Up until recently, however, Google has been content to work with other manufacturers. Offering a base OS that could be customised easily.
But not actually producing anything other than the simple Google Nexus itself. Marketed under the strapline: “Be together, not the same.”
However, this mantra may now be void with the launch of the Google Pixel and Pixel XL this October 2016. A direct competitor to Apple and Samsung’s dominance in the high-end market.
Google boasts that this new handset is of ‘in-house’ design. Yet it remains unremarkably different from any other handsets on the market.
The specs, however, can be said to be very impressive. With a full HD 5-inch display on the Pixel and a 5.5 on the XL.
It puts it at least on par with Apple’s and Samsung’s offering. If not a little better than Apple.
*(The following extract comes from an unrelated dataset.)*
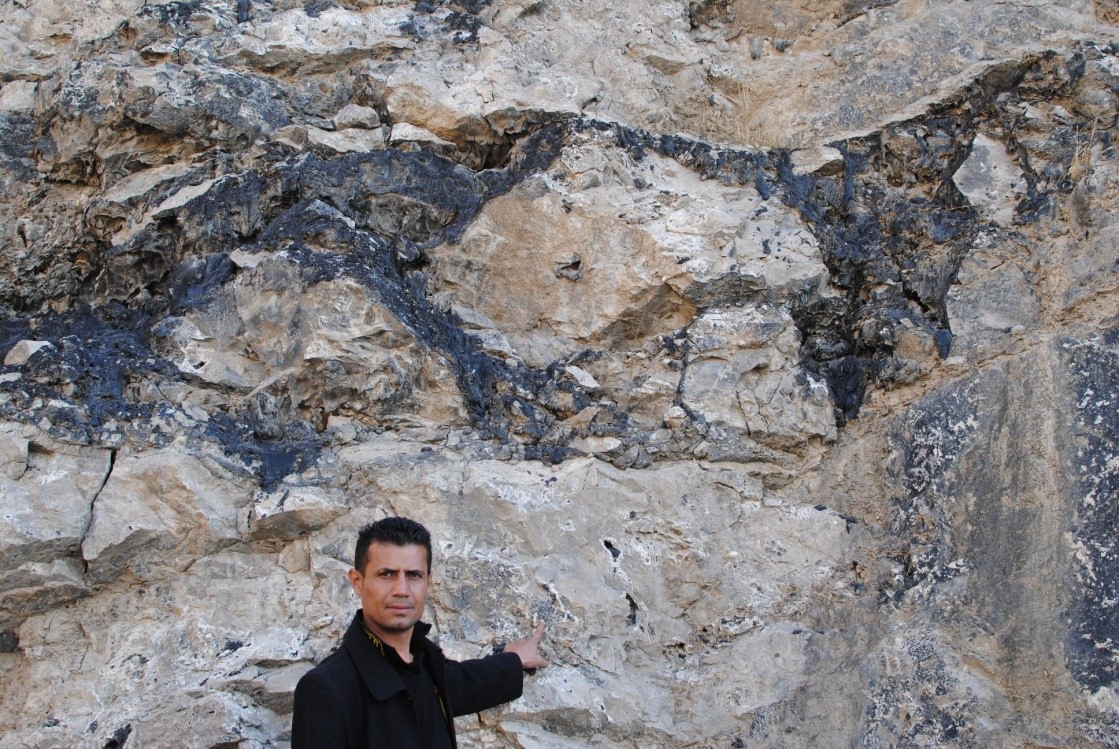 Figure 3. Bitumen-filled fault porosity in the carbonate Bekhme Formation, Iraqi Kurdistan. Such porosity and permeability in the subsurface would make a supreme metal or petroleum reservoir. Photo ©2010 Graham Banks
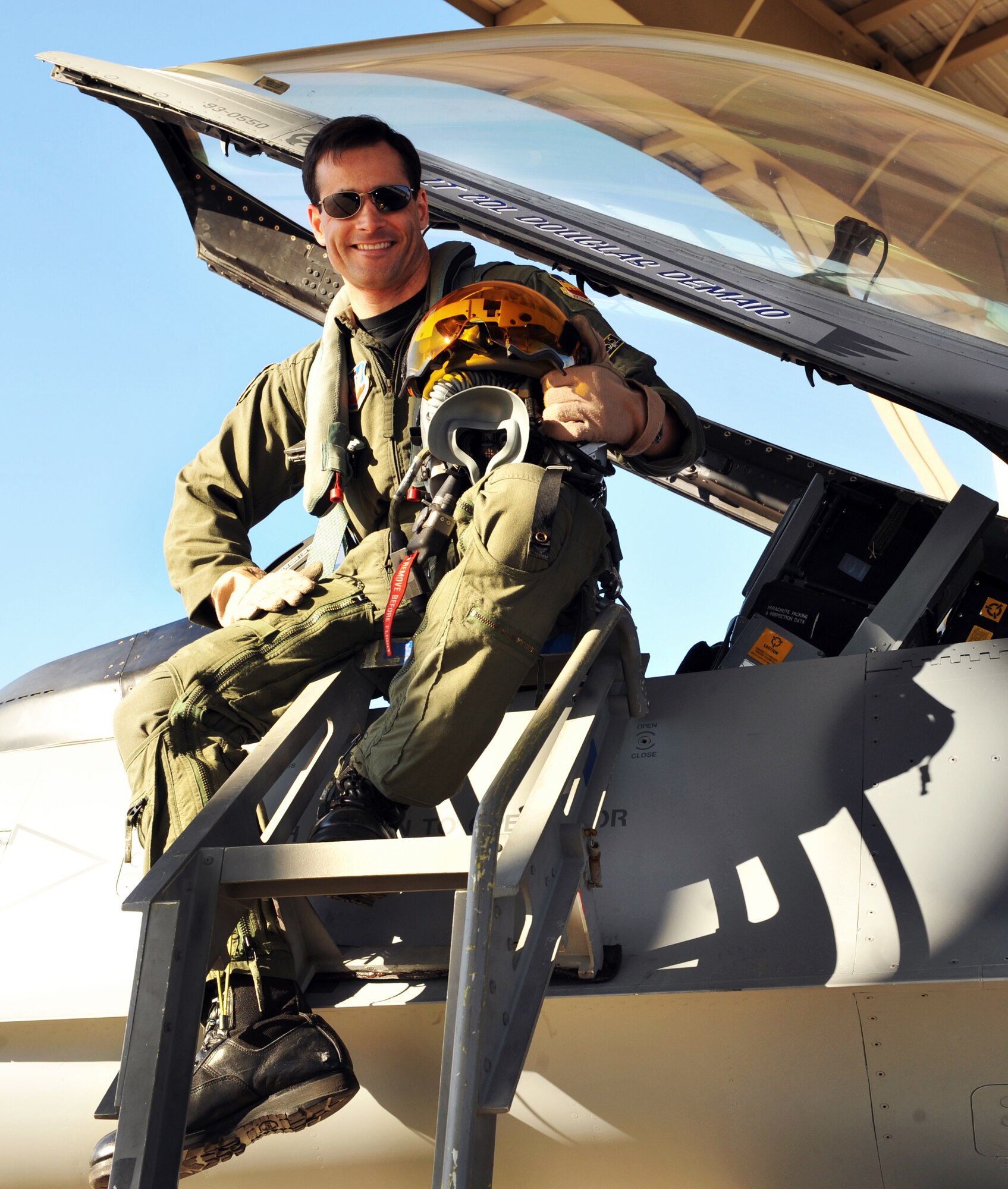 U.S. Air Force Lt. Col. Douglas DeMaio, former 55th Fighter Squadron commander, poses by an F-16 Fighting Falcon before a flight Dec. 12, 2010, Shaw Air Force Base, S.C. DeMaio was recently awarded the 2011 Lance P. Sijan USAF Leadership Award in the senior officer category for Air Combat Command. DeMaio is currently attending the Industrial College of the Armed Forces at Fort McNair, Washington D.C. (U.S. Air Force photo by Airman 1st Class Tabatha Duarte)(Released)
The battery also is bigger in the Google phone when compared to Apple. The only thing where it does fall down is the front facing camera. Coming in at 8mp compared to the selfie-loving iPhone’s 12mp.
Google Assistant is the main selling point for the handset. An angle which Google is pursuing relentlessly. Essentially an improved version of Google Now. With a slightly more conversational edge. As it has an ability to tell jokes, recite poems and play games.
Think Apple’s Siri or Microsoft’s Cortana. It does offer an improvement on these services as it directly uses Google’s search engine prowess to provide exactly what you need.
The price point may be the significant sign that Google is stepping its game up. Placing it in direct competition with iPhone and Samsung’s S7.
At an eye-watering $649 for the standard model and going up to $749 for the 128GB Pixel XL. It is not a decision that one will take likely when purchasing a new phone.
Its detractors, however, may be forgetting that it may have an edge. As the recent recall of Samsung’s Note 7 has left a large gap in the market.
With few also willing to cross the Android vs Apple battle lines. It may be the perfect time for Google to pick up disillusioned Samsung customers.